Lilka Wed 29-Jun-11 21:18:43

So much more has been found out about the brain in the last decade or so, that no one knew before, and there's a lot more to learn about it yet! I'm not familiar with Oliver James

A huge amount of neural connections are formed before 3 BUT brain development itself doesn't stop until the 20's or even early 30's! Before people believed that brain development was over by 10, but now we know that isn't true. The brain can form new neural pathways well beyond toddlerhood, and the early teens are thought to be a time where quite a lot is going on, and the brain will be forming new pathways, getting rid of old useless ones etc. I know my own DD1 went through huge changes in her teens...really amazing, she had great therapy as well as good home environment, but it wouldn't have worked to the extent it did unless her brain was changing with it!
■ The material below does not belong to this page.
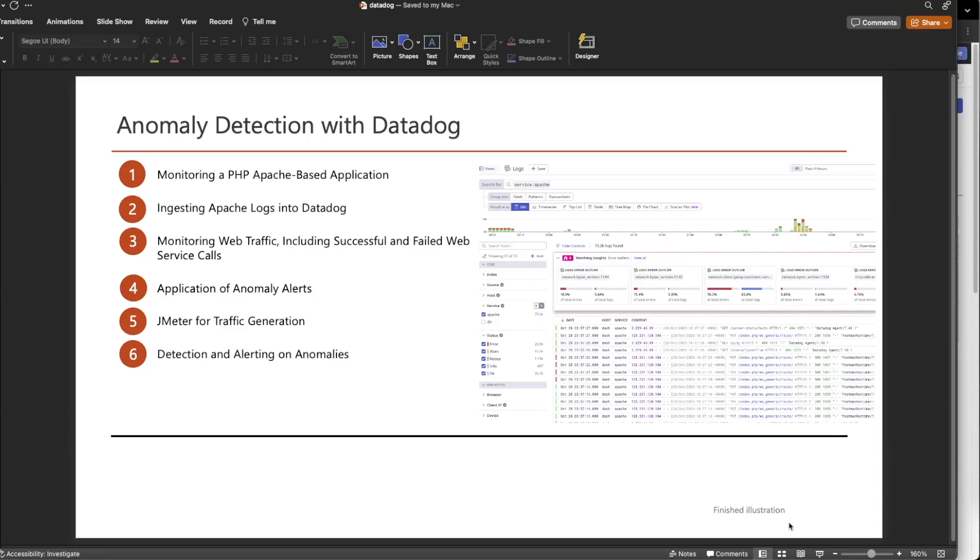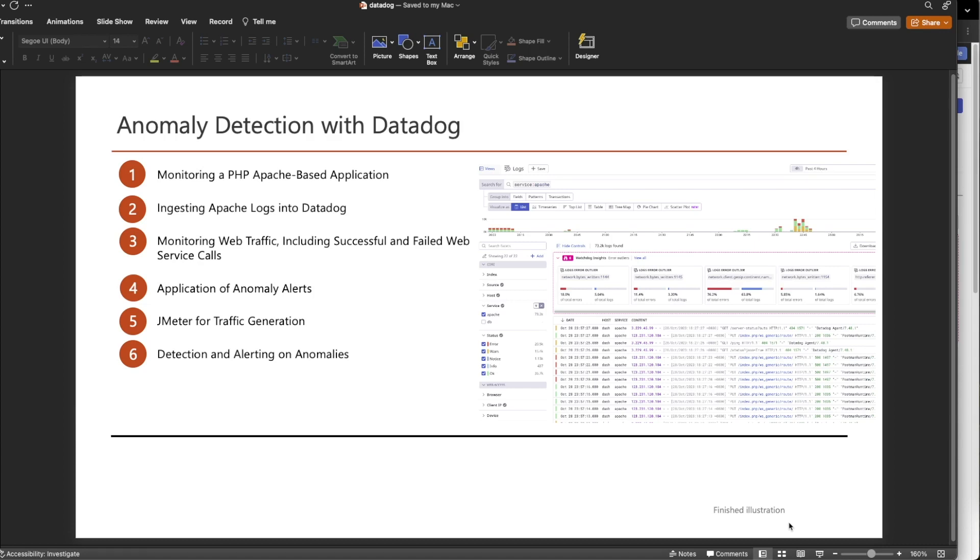We will explore the capability of anomaly detection using Datadog. For this demonstration, we will follow this scenario. An Apache PHP-based application will be monitored with Datadog, utilizing Apache log to track web traffic, both successful and failed web service calls included. An anomaly alert will be configured for web service usage, and JMeter will be employed to generate significant web service traffic. Finally, we will witness how this setup generates alert.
Also, think about victims of accidents, strokes, etc, who relearn how to do things..their brain must be changing

This article is about the teen brain in particular, but hopefully will reassure you smile

Also, this is a great book. It's called 'The brain that changes itself' and it's all about the plasticity of the brain, and details cases where amazing brain development took place e.g. a woman was born with half a brain, whih rewired itself to work as a whole one brain

Now, my DD1 will always have funny quirks, issues, troubles forming relationships etc. But she has a great life, and it isn't doom and gloom smile

As for structured teaching, I'm not aware of any specific education programs for traumatized children. I wish! BUT, you can definitely support him at home with programs, and at school he can access school action/+ and an IEP can be in place to support him. Also, if you were able to access occupational therapy for his fine motor problems, if he doesn't already have it? Speech therapy can help with language problems as well

oodlesofdoodles Sat 02-Jul-11 19:06:16

thank you for the links Lilka
I must have been a bit gloomy when I posted. Summer hols now so we don't have pre-school constantly updating us on his failures!
He does get speech therapy and he is making progress.